DATA PROVIDED:
--------------------

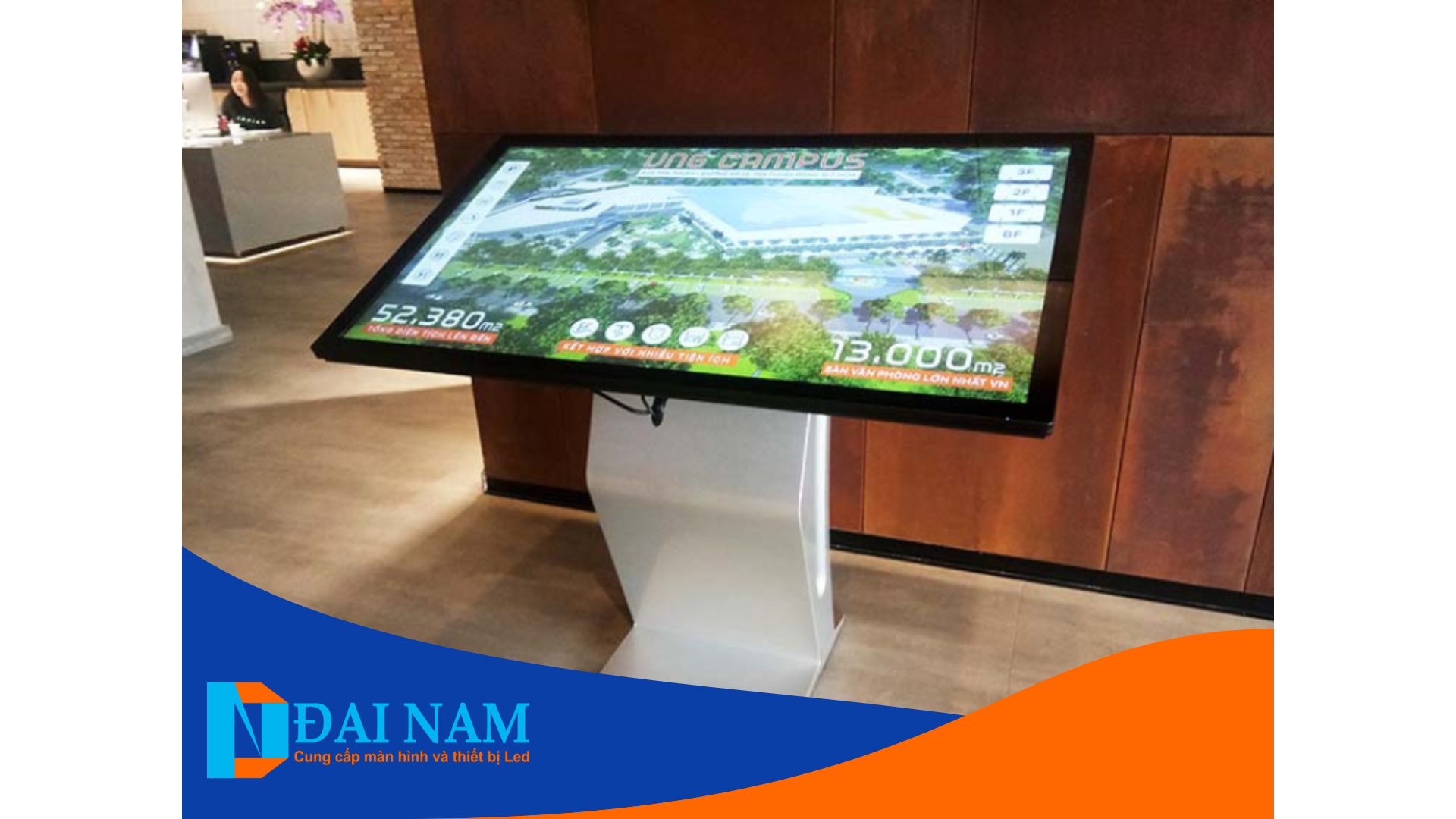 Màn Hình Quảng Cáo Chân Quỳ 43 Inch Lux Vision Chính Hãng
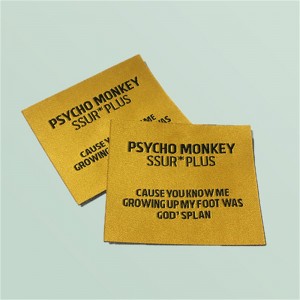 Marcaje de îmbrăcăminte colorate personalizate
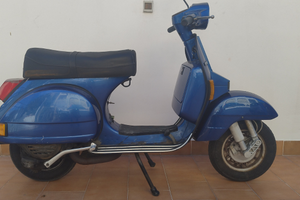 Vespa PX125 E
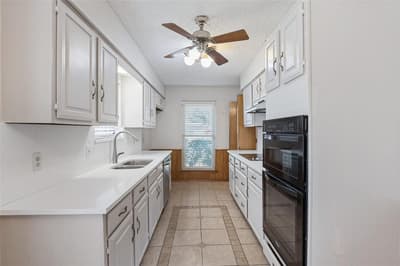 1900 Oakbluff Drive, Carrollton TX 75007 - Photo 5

--------------------

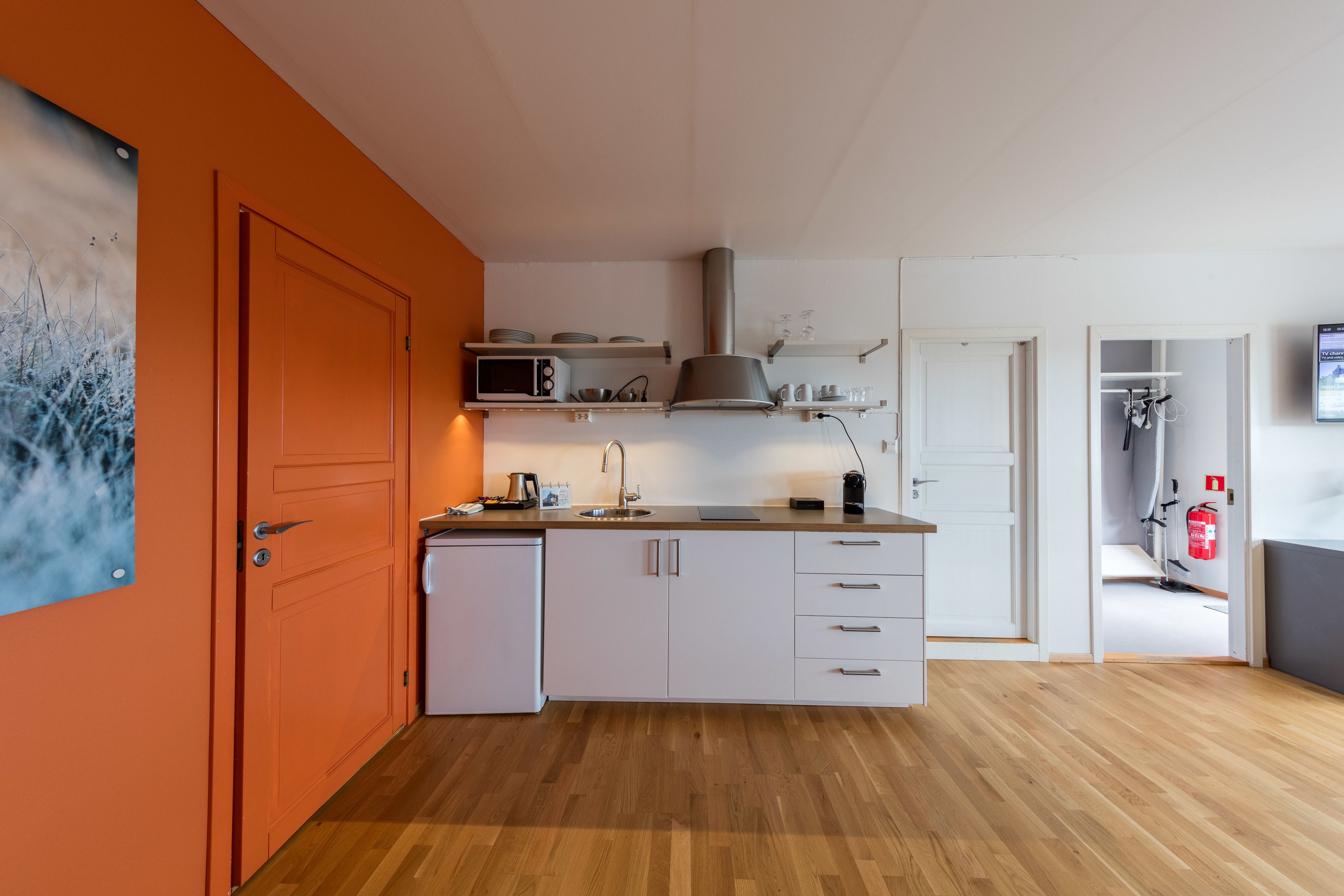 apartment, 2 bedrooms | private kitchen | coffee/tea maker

--------------------

WHAT IS REQUIRED:
Repeat the lines above exactly, beginning with the one containing "Màn Hình Quảng" and finishing with the one containing "1900 Oakbluff Drive, Carrollton". No pictures belong in the copy.

REPLY TO THE TASK:
 Màn Hình Quảng Cáo Chân Quỳ 43 Inch Lux Vision Chính Hãng
 Marcaje de îmbrăcăminte colorate personalizate
 Vespa PX125 E
 1900 Oakbluff Drive, Carrollton TX 75007 - Photo 5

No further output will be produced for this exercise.